**What this task involves**
What you give back from the listing below should be an exact copy of the lines from the one with "Мед таежный, разнотравье" down to the one with "Frank - Domestic", and it should contain no pictures.

**Raw data**
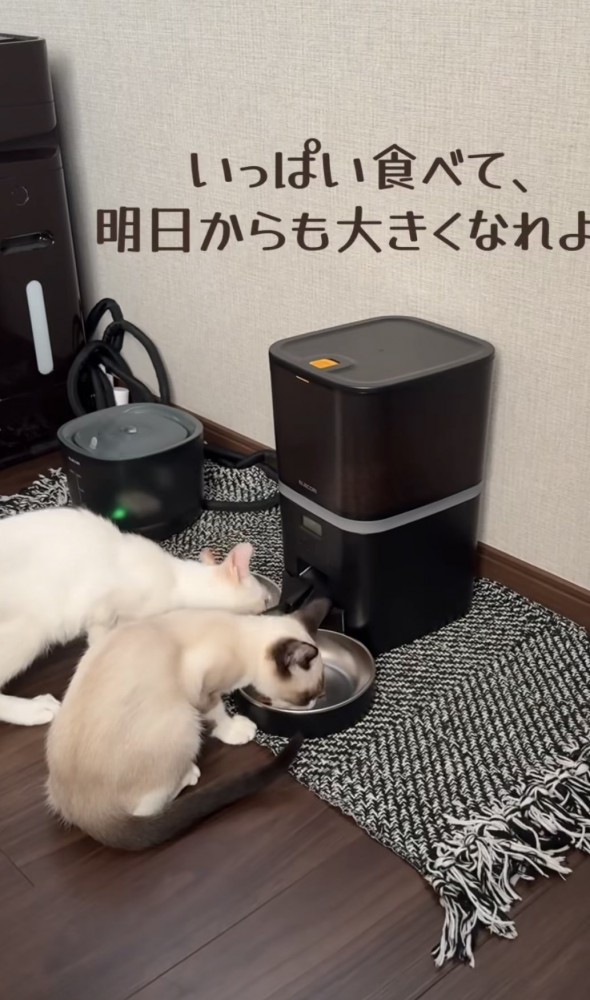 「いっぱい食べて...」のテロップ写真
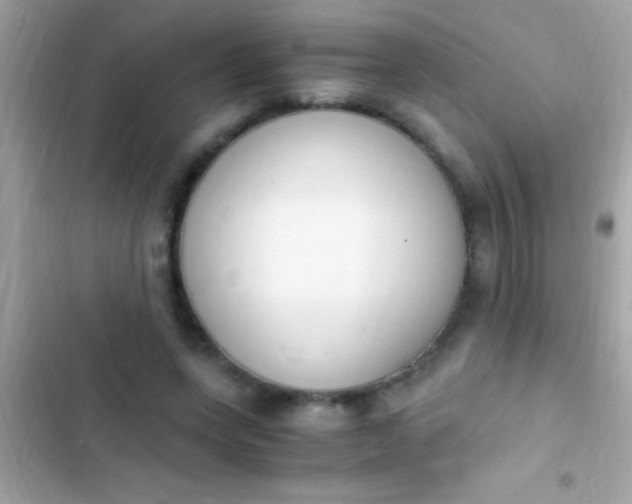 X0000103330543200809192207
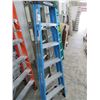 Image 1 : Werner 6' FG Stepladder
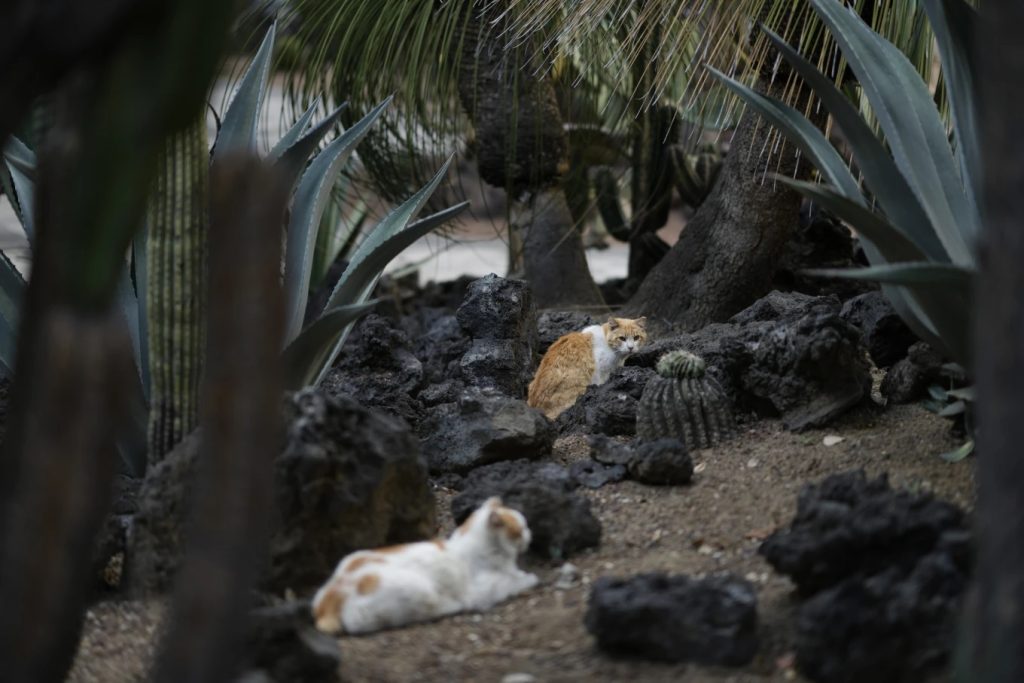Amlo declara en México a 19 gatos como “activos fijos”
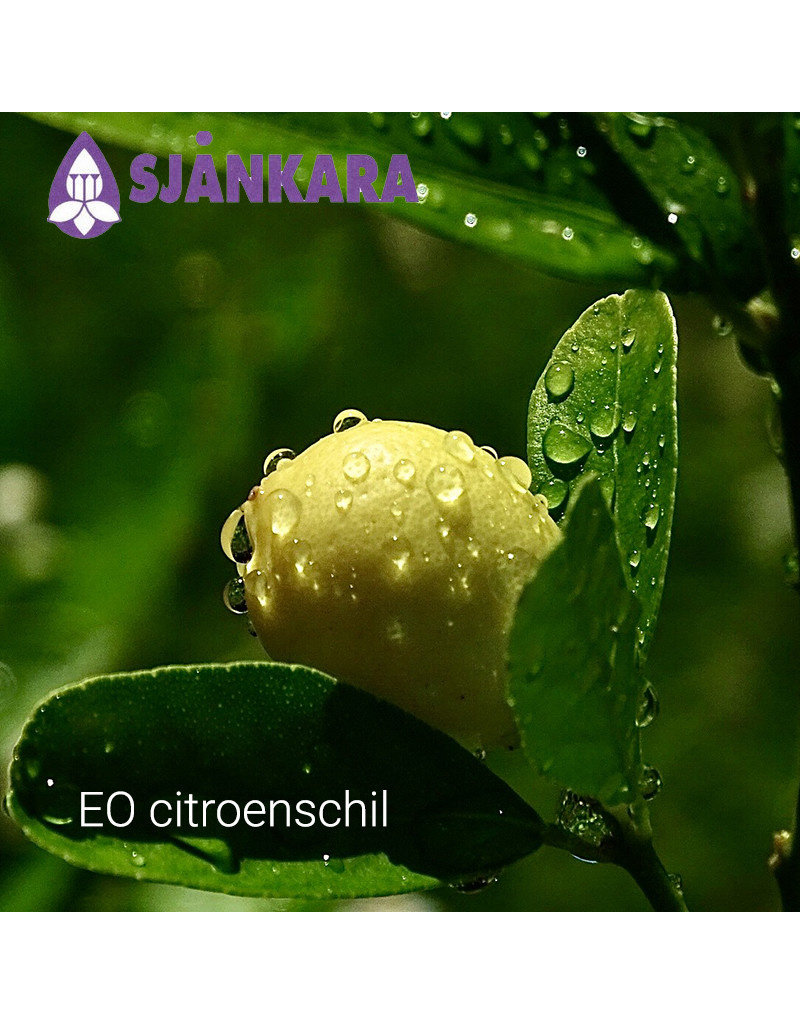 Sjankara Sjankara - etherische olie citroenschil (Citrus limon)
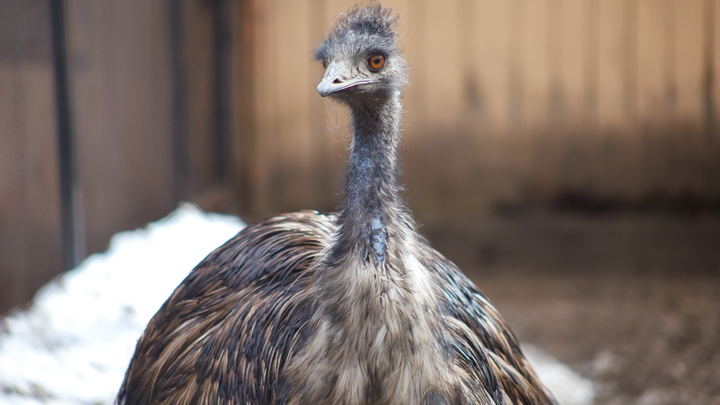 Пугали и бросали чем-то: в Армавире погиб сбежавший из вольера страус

* * *

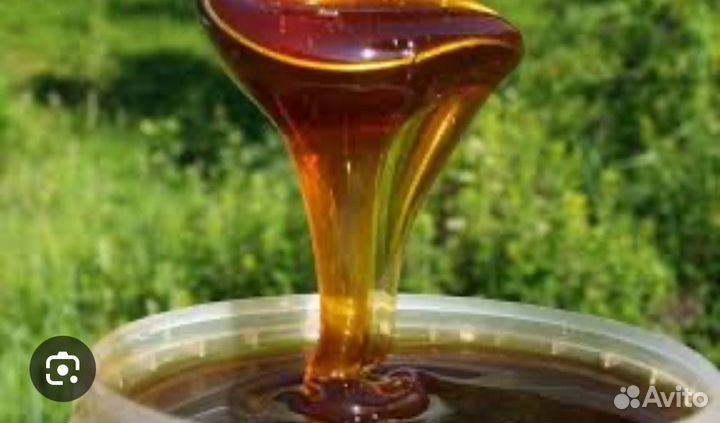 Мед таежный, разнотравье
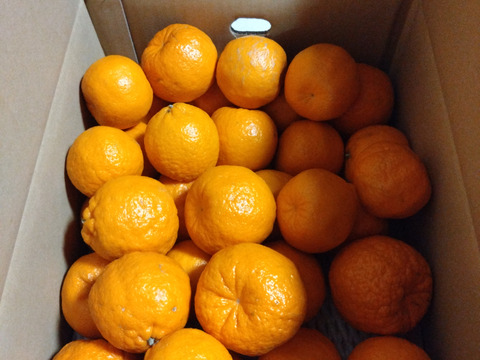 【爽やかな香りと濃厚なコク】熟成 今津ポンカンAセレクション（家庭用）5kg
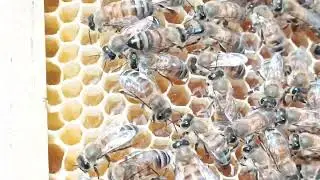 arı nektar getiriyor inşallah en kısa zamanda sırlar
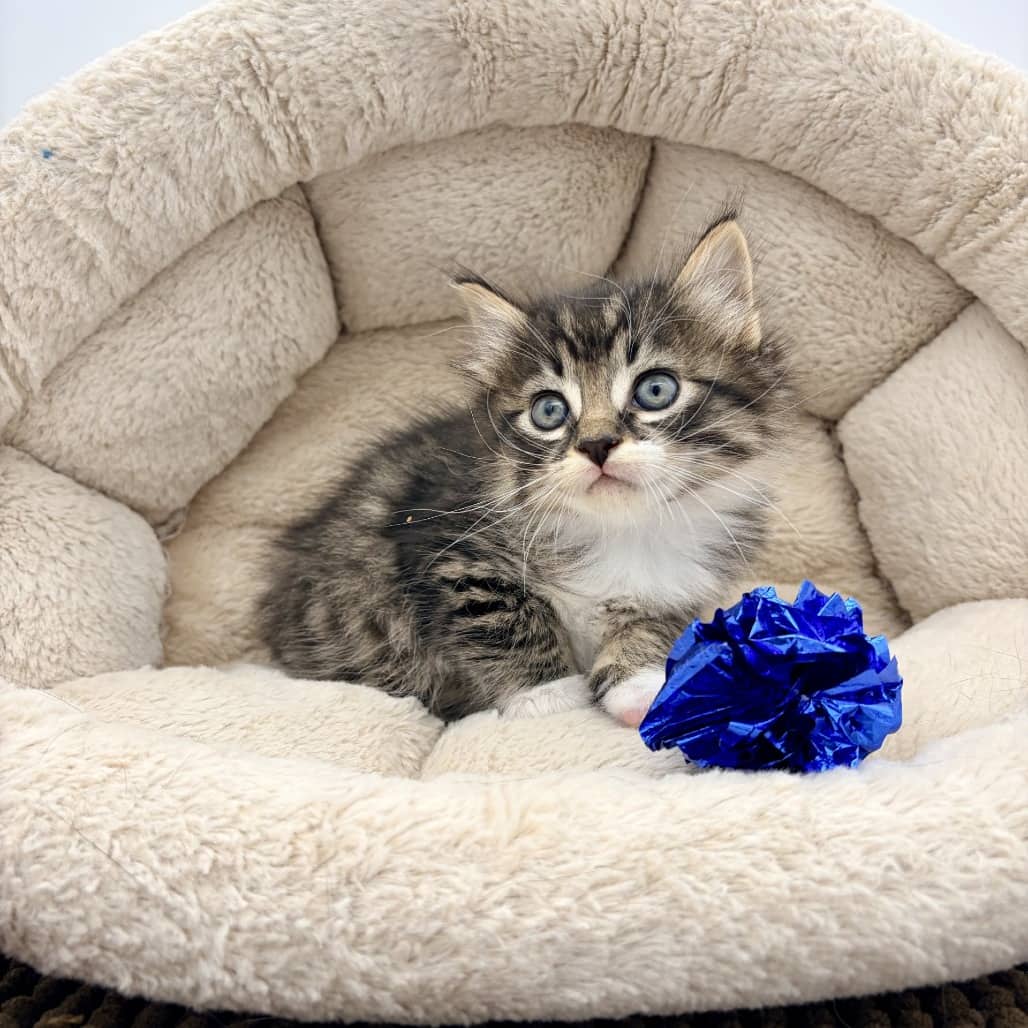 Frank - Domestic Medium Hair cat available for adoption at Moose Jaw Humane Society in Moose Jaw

**Answer box**
 Мед таежный, разнотравье
 【爽やかな香りと濃厚なコク】熟成 今津ポンカンAセレクション（家庭用）5kg
 arı nektar getiriyor inşallah en kısa zamanda sırlar
 Frank - Domestic Medium Hair cat available for adoption at Moose Jaw Humane Society in Moose Jaw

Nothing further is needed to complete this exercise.